I would like to start by clearing up a few issues that I dealt with last week after the November issue of FIT Magazine was published.
First, I did not quit going to the gym because I’m lazy or I’m giving up. I stopped going to the gym for a few reasons: issues with children and being short on money to pay the sitter, but the major reason is my own insecurities with the way I look.
Every time I go to the gym to exercise, no matter where I am, be it the YMCA or Anytime Fitness, I feel out of place and uncomfortable.
About a month ago, I was exercising and I happened to see a very attractive, fit, young girl exercising, too. She was using the chin-up/ pull-up bar, while talking with two men who appeared to be 10-15 years older than her. The men were admiring the girl, just like me.

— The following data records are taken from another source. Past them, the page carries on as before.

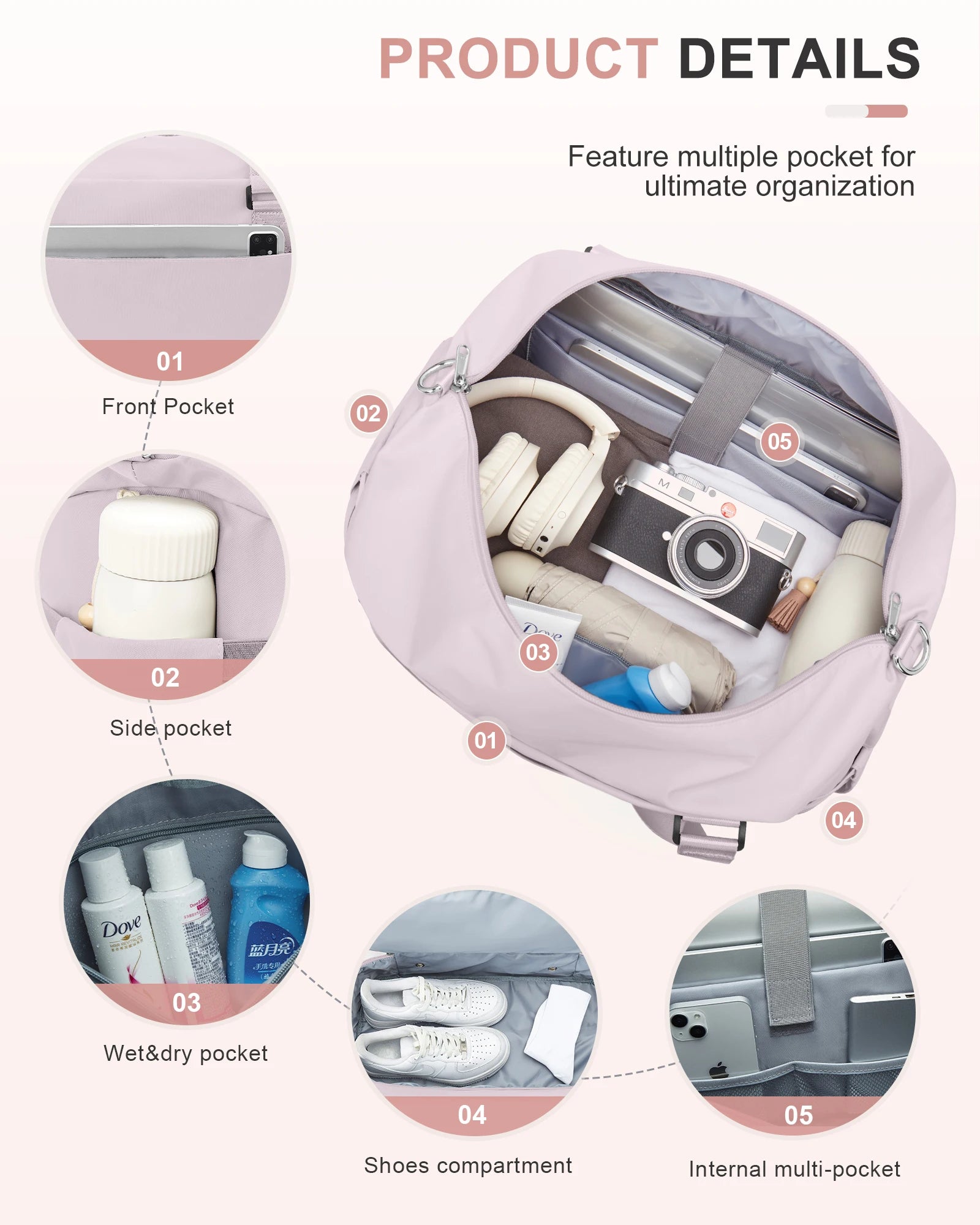 Weekender Luxe Duffel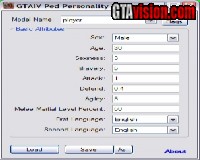 GTAIV Ped Personality Editor v1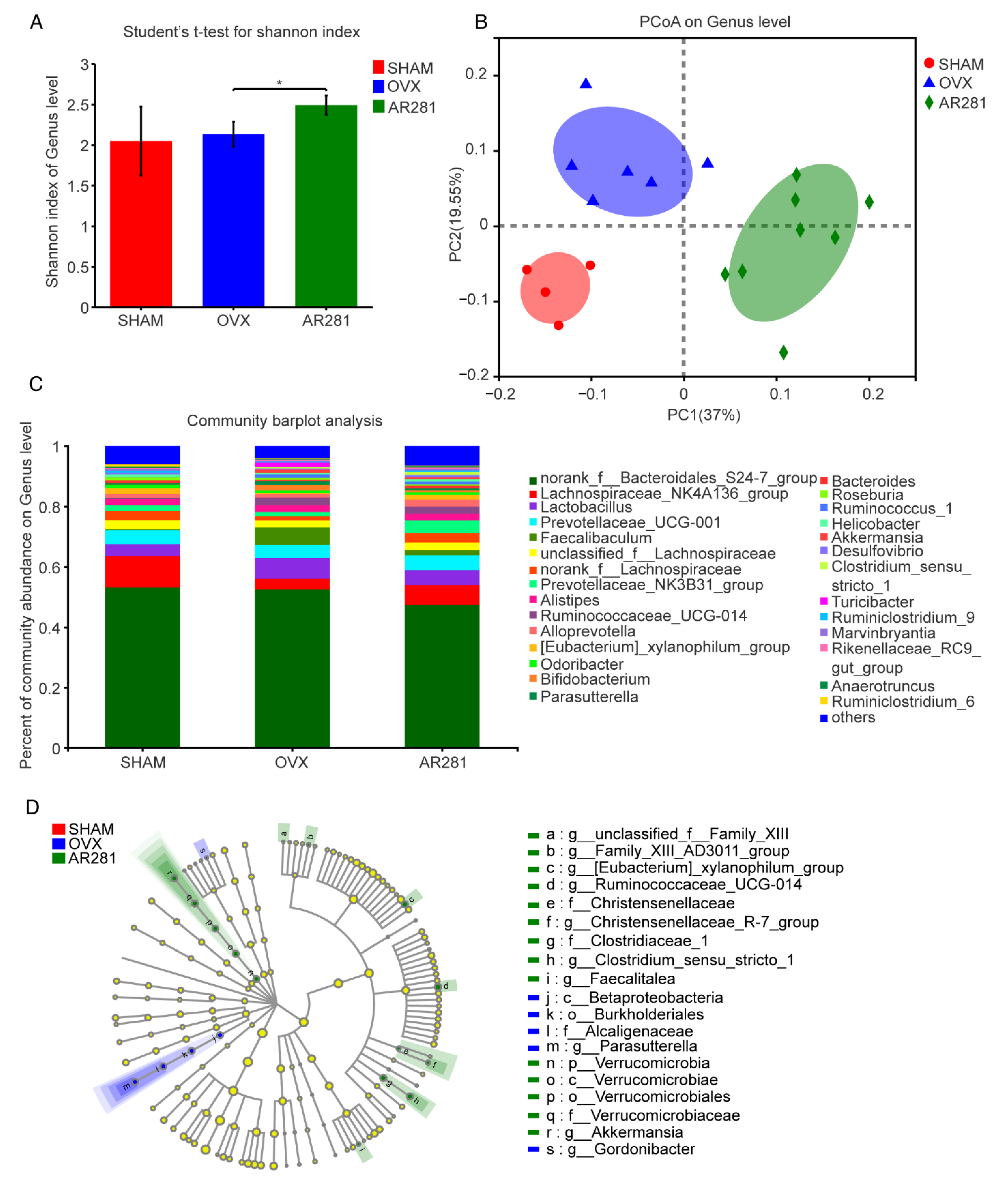 Biology 11 00359 g004 Biology 11 00359 g004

Then it hit me: Would these two men be chatting it up with an overweight woman who is trying to lose weight to feel more attractive and become healthier? I honestly do not think so. That’s when I started to feel uncomfortable again. When I am exercising in the comfort of my own house or I’m outside walking, I’m not thinking about who is looking at me or what someone is thinking.
I am still working on losing weight, though. This past week, I lost 7 pounds. I now weigh 223, which is a loss of 31 pounds so far. I know that I only have about a month and a half left in this challenge, but I have years left in the long run. I know that I did not meet the competitive needs of the challenge, but I am happy that I have lost the weight I have.